Calkins created the board games Sekigahara, Tin Goose, Charioteer, and Magnet.

- Sekigahara: players recreate the 1600 Battle of Sekigahara in Japan
- Tin Goose: players build one of the first commercial airlines
- Charioteer: a strategic racing game set in ancient Rome
- Magnet: an “abstract game where players try to get their king to the middle of the board” [8] (runner-up for Games Magazine's Abstract Game of the Year, 2010)

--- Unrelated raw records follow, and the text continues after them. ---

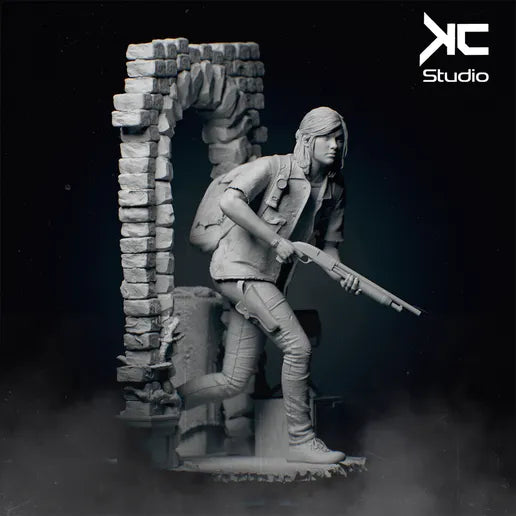 Ellie (Last of Us) - 3D Print Model Kit - 1:10 Scale - Fan Art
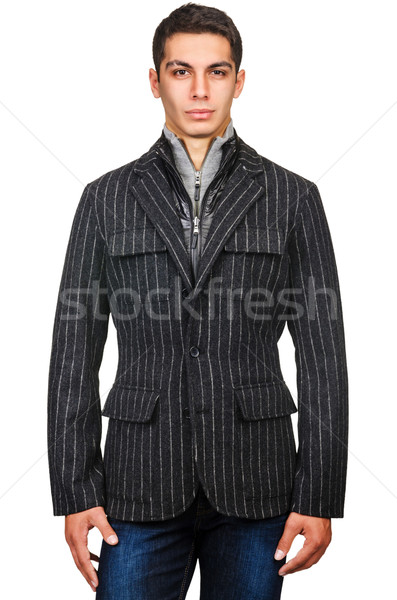 Male coat isolated on the white Stock photo © Elnur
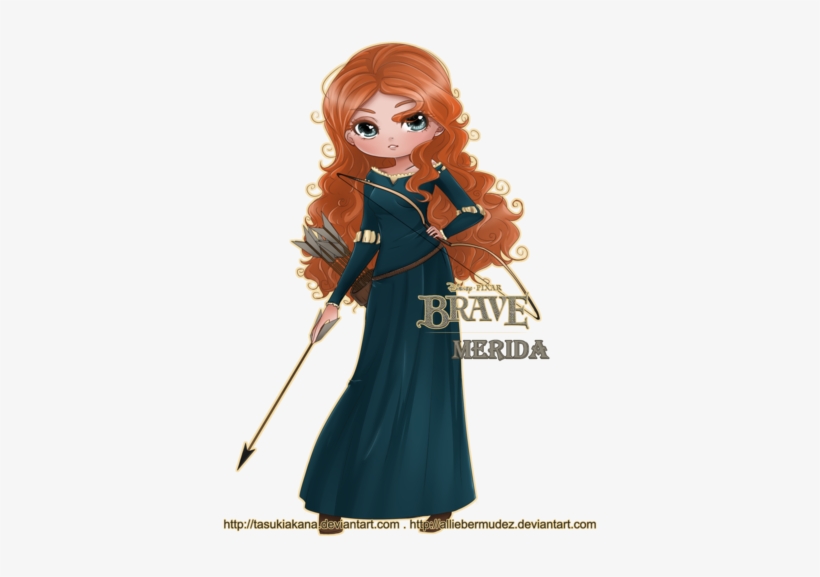 Merida Drawing Professional Chibi Disney Princess Merida Free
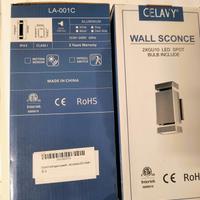 Lampada da parete a LED  dips. 4 pz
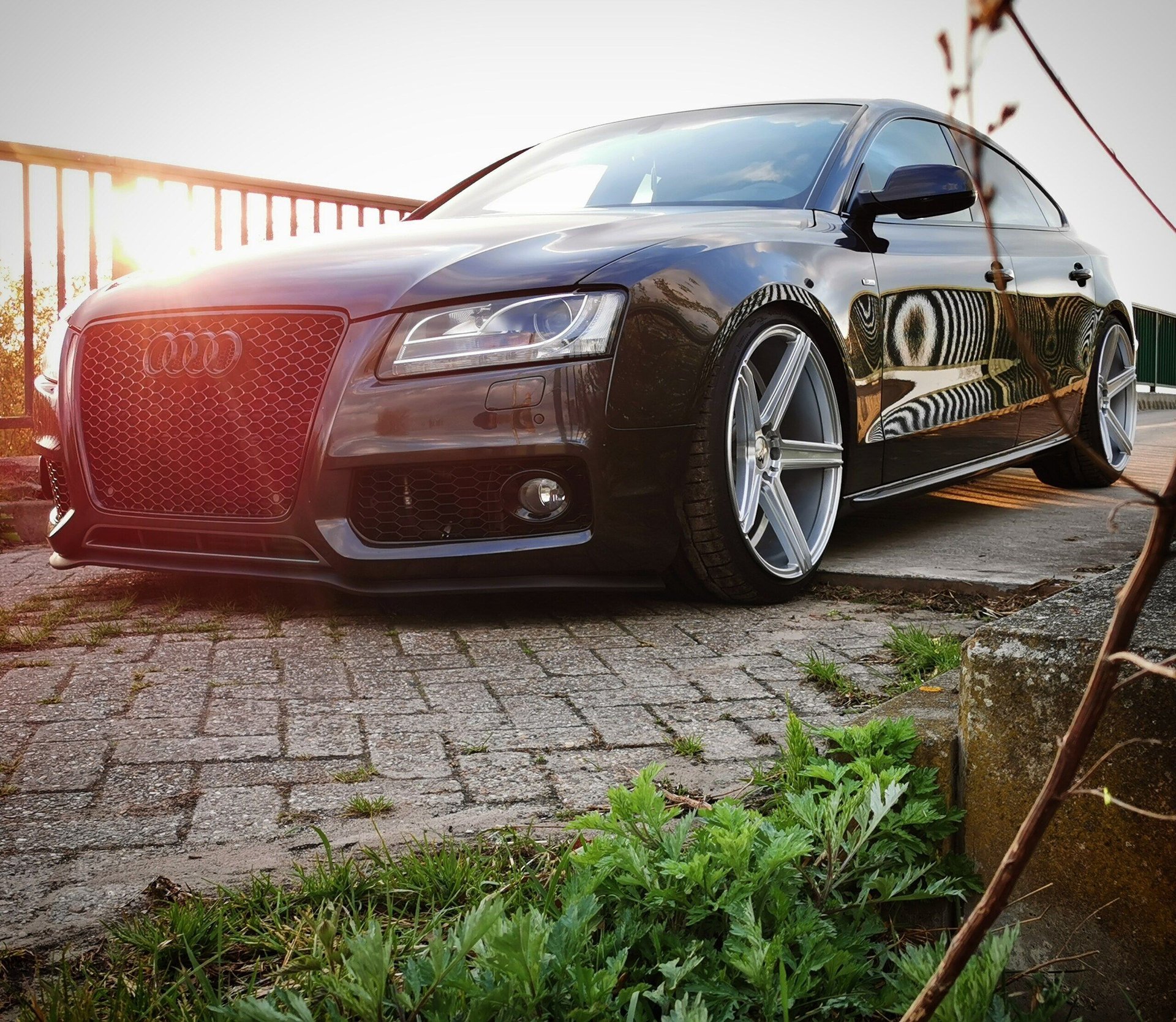 AUDI A5 Cabrio B8 - KV1 silber glänzend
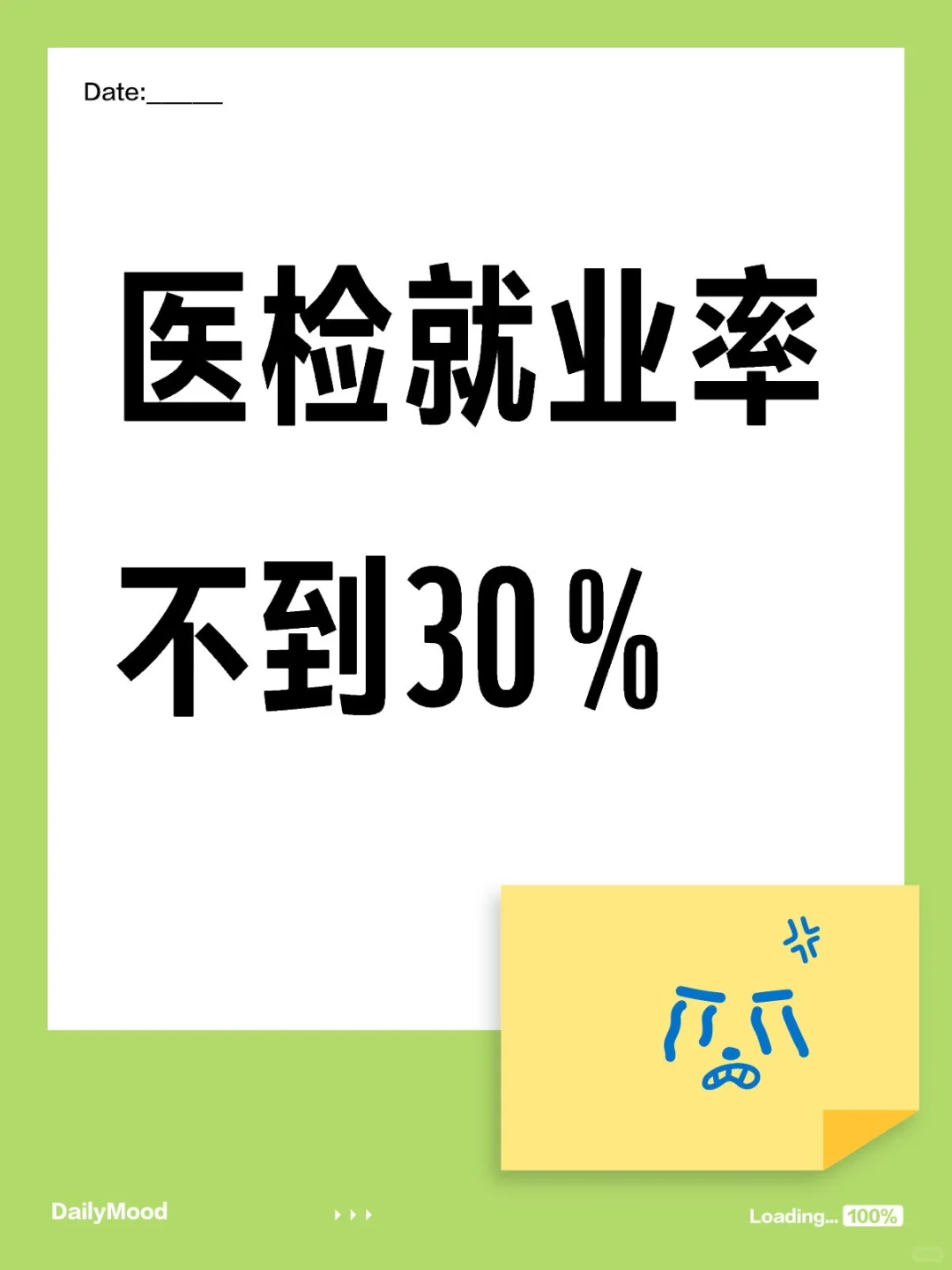 医检就业率不到百分之30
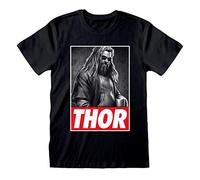 Avengers Endgame Thor Photo Adults Black T-Shirt - Large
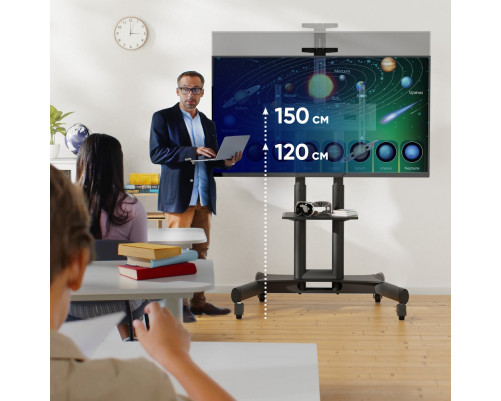 Мобильная стойка ONKRON на 1 ТВ TS1551 BLACK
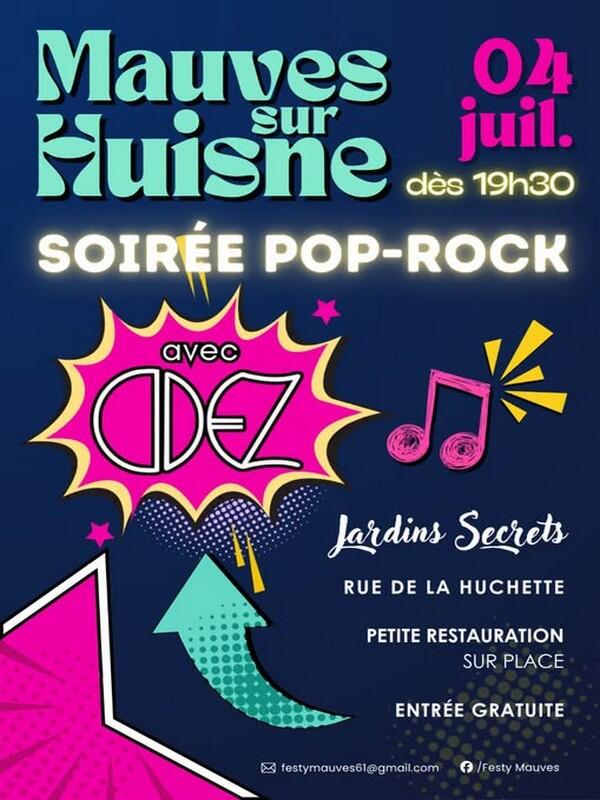 4 juillet soirée popo rock Mauves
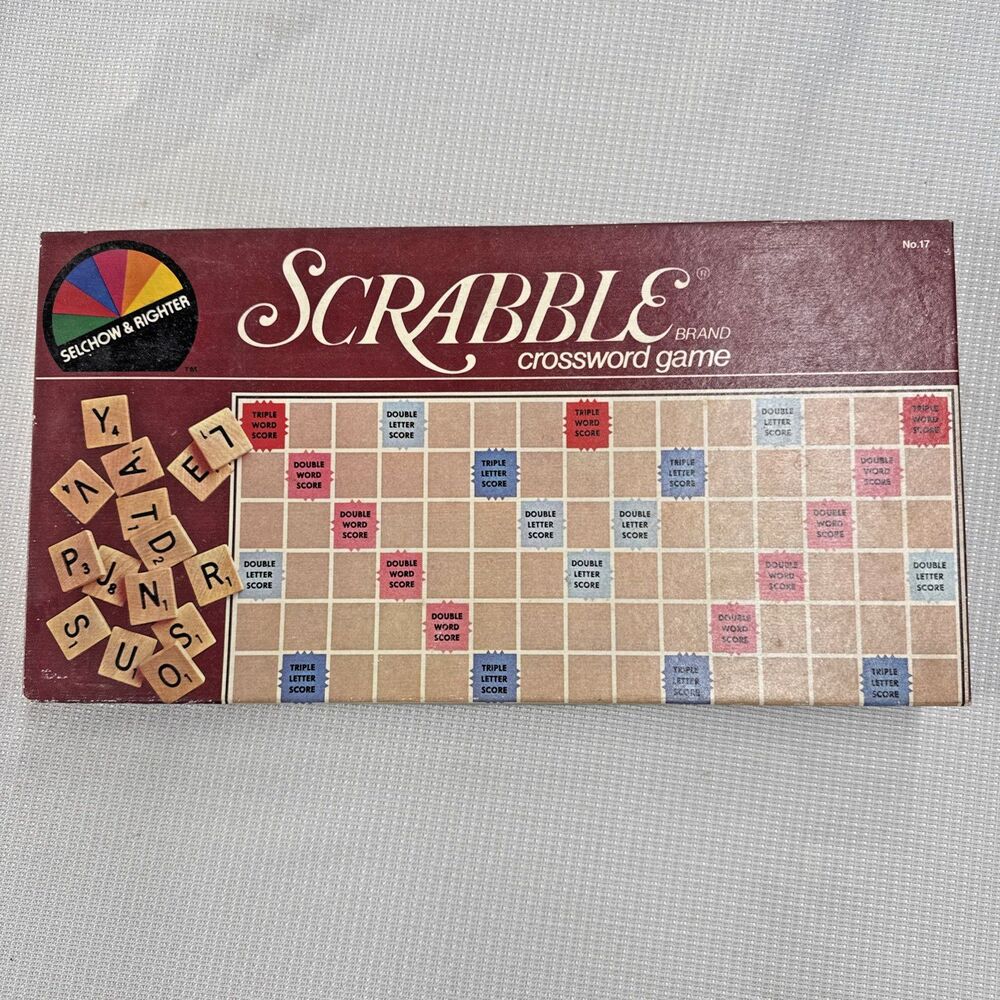 Scrabble Crossword Game 1982 Selchow & Righter No. 17 COMPLETE SET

Calkins has contributed to The New York Times about the value of board games in business.

== Other involvement ==
In 2017, Calkins was named to the Northern Virginia Technology Council (NVTC) board of directors. He also serves on the leadership council of the Virginia Public Access Project and the board of the Sorensen Institute. He was previously on the board for the NVTC TechPAC. Calkins was named to the 2022 Virginia 500: Federal Contractors - Technology.

== Political views ==
Calkins is a supporter of Elon Musk's involvement with the Department of Government Efficiency, but has criticized its implementation, saying: "it wasn’t nearly as much as we needed, and we probably didn’t need the chain saw. We needed the chisel."
=== War against Ukraine ===
Calkins helped the Renew Democracy Initiative to create fight4ukraine.com, a website that tracks the world's response to Russia's February 2022 invasion of Ukraine. This initiative included banning the sale of software to Russia.